## Information provided
+ + + +

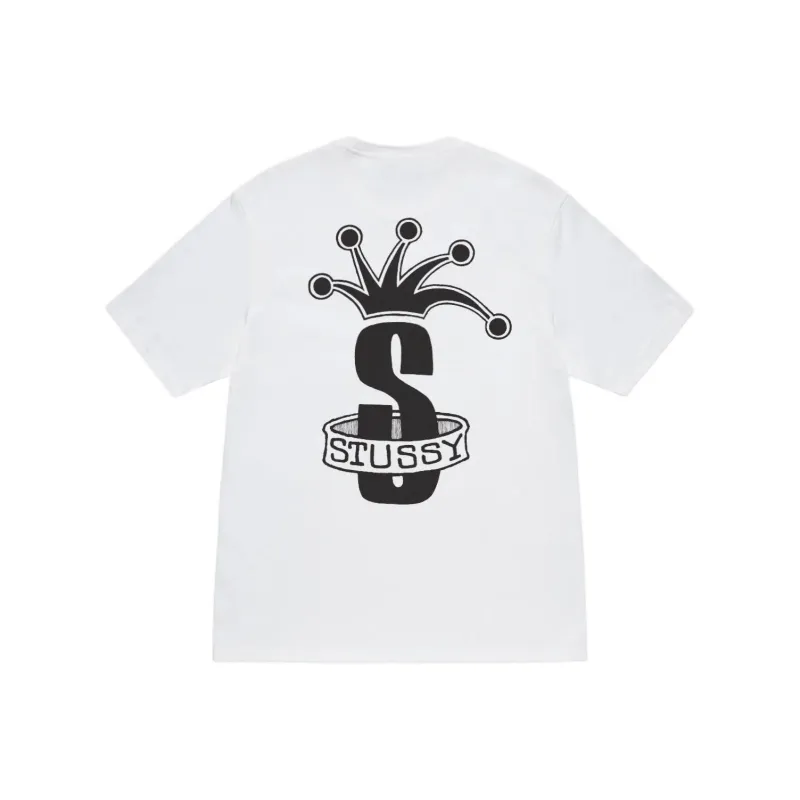 Stussy Crown Band Tee-2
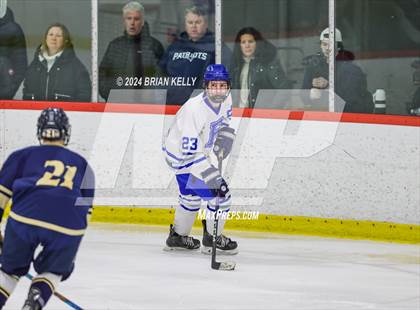 Thumbnail 3 in Archbishop Williams @ Braintree (Holiday Classic Consolation Game) photogallery.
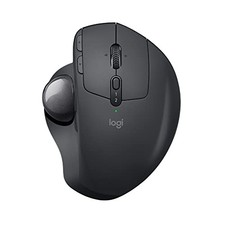 Logitech Wireless Trackball MX ERGO MXTB1d Bluetooth Unifying 8Button Fast Recha picture
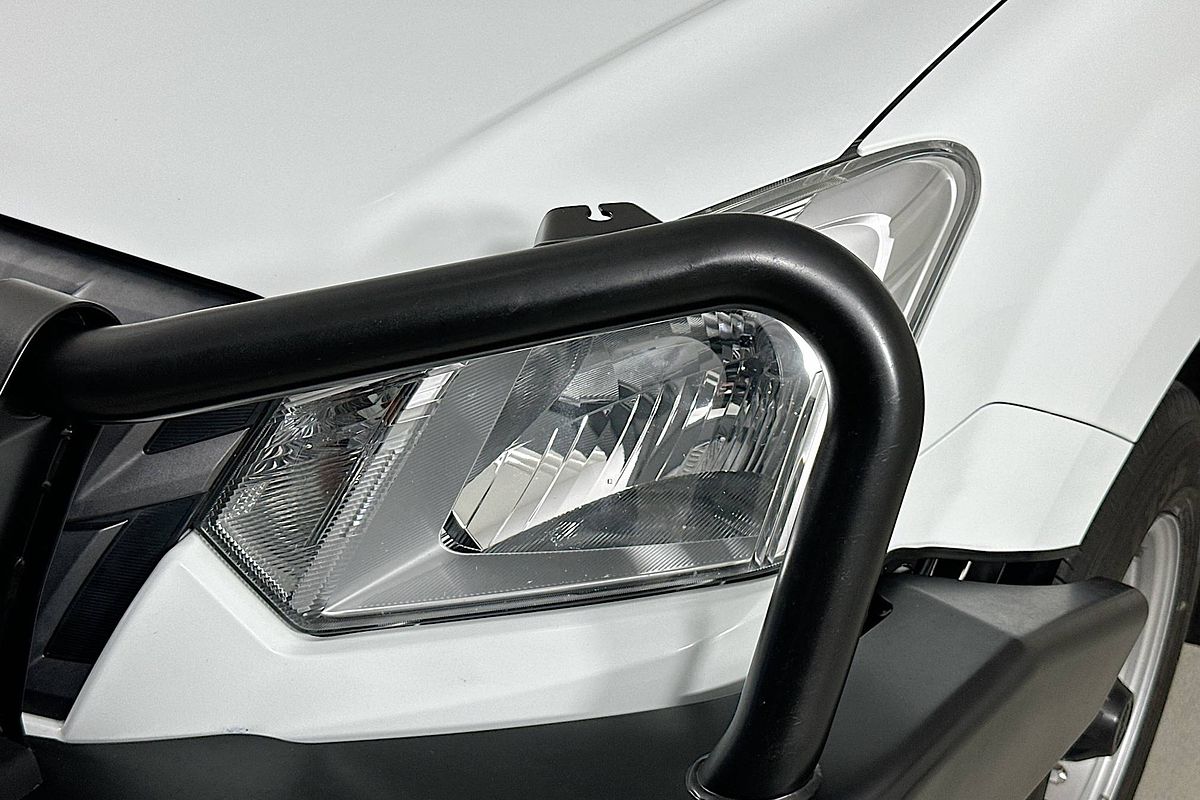 2017 Isuzu D-MAX SX (4x2) TF MY17 REAR WHEEL DRIVE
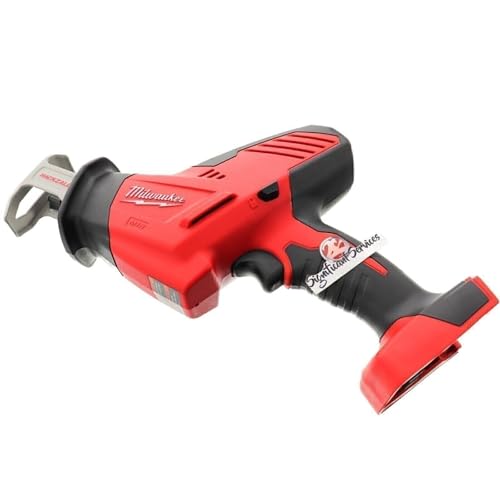 Milwaukee 2625-21 M18 18V Hackzall Cordless One-Handed Reciprocating Saw Kit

+ + + +

## Your instructions
Transcribe the span of lines that runs from the line with "Thumbnail 3 in" to the end of the data, both ends included, exactly, with nothing else and no pictures.

## Solution
 Thumbnail 3 in Archbishop Williams @ Braintree (Holiday Classic Consolation Game) photogallery.
 Logitech Wireless Trackball MX ERGO MXTB1d Bluetooth Unifying 8Button Fast Recha picture
 2017 Isuzu D-MAX SX (4x2) TF MY17 REAR WHEEL DRIVE
 Milwaukee 2625-21 M18 18V Hackzall Cordless One-Handed Reciprocating Saw Kit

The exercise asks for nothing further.